Three days that I'm fighting the same problem.
Three days on the same bugs. Fix one thing, break another. Fix that one, the first thing breaks again. The kind of loop where you start wondering if the code is haunted.
My second instinct (honestly, not the first) was to blame the model. "Claude Code is generating garbage, time to switch to Codex. The model is broken. Classic β soon as there's traffic they nerf it."
It wasn't broken. I made a rookie mistake. And I'm going to walk you through exactly which one, because if you're working with Claude Code on a real project, you're probably making it too.

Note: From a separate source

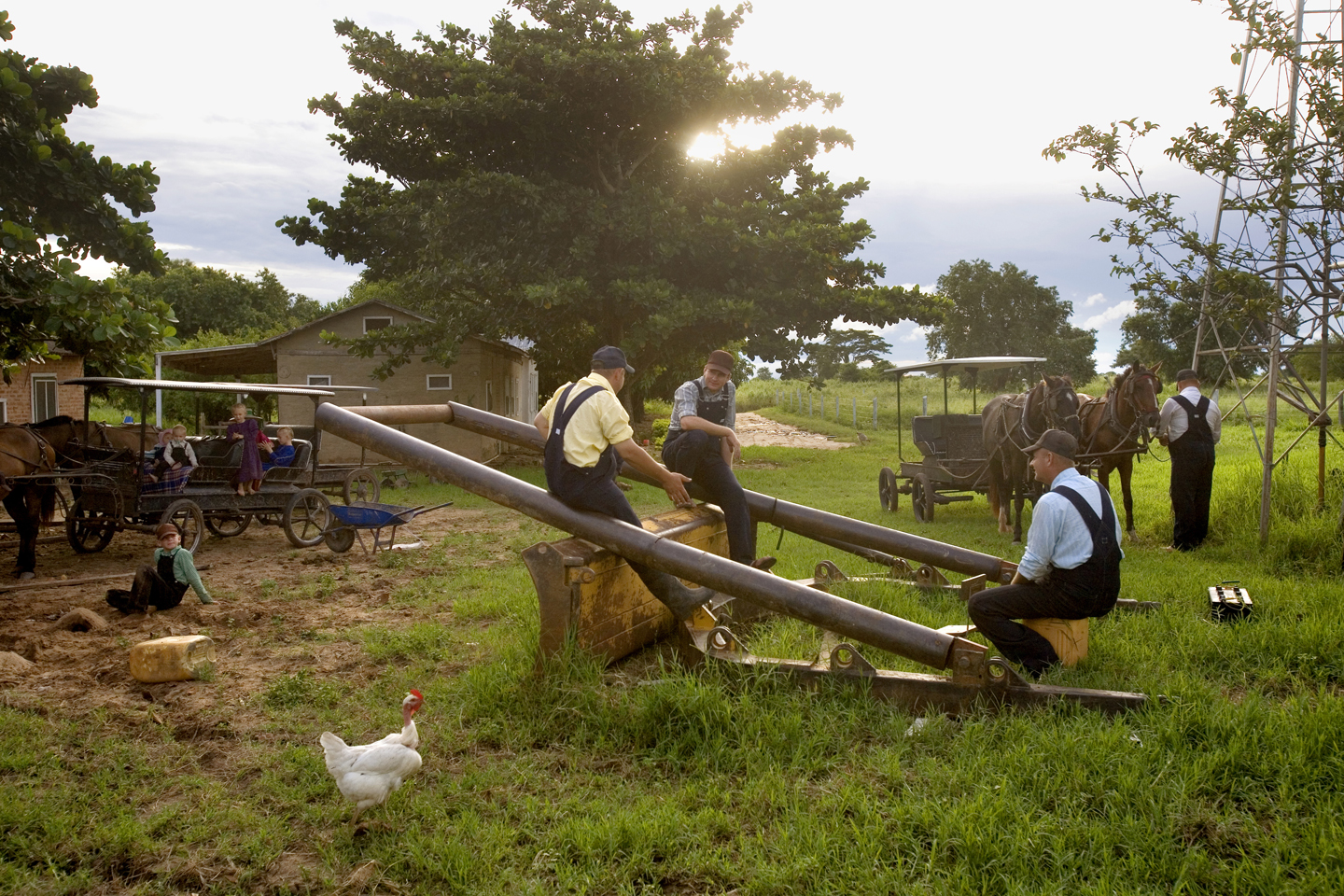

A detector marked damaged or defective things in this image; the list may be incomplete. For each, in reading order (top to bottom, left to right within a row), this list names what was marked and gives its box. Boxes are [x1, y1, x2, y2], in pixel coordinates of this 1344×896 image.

rusty steel pipe [319, 402, 973, 668]
rusty steel pipe [341, 399, 1010, 582]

TL;DR: Five independent systems were reading and writing the same field, each with its own regex, none knowing what the others were doing. No sequential integration test. Every fix was provisional by design. The model was fine. The architecture was the bomb.
Commit 9. Same Bug. Different Fix.
The pipeline was straightforward on paper. An ecommerce client pushing product descriptions to four channels: WooCommerce (main site), Threads, a partner API, and a distributor CSV feed. One source, four outputs. A single product_content field held everything (images, internal links, HTML formatting, alt texts, source metadata).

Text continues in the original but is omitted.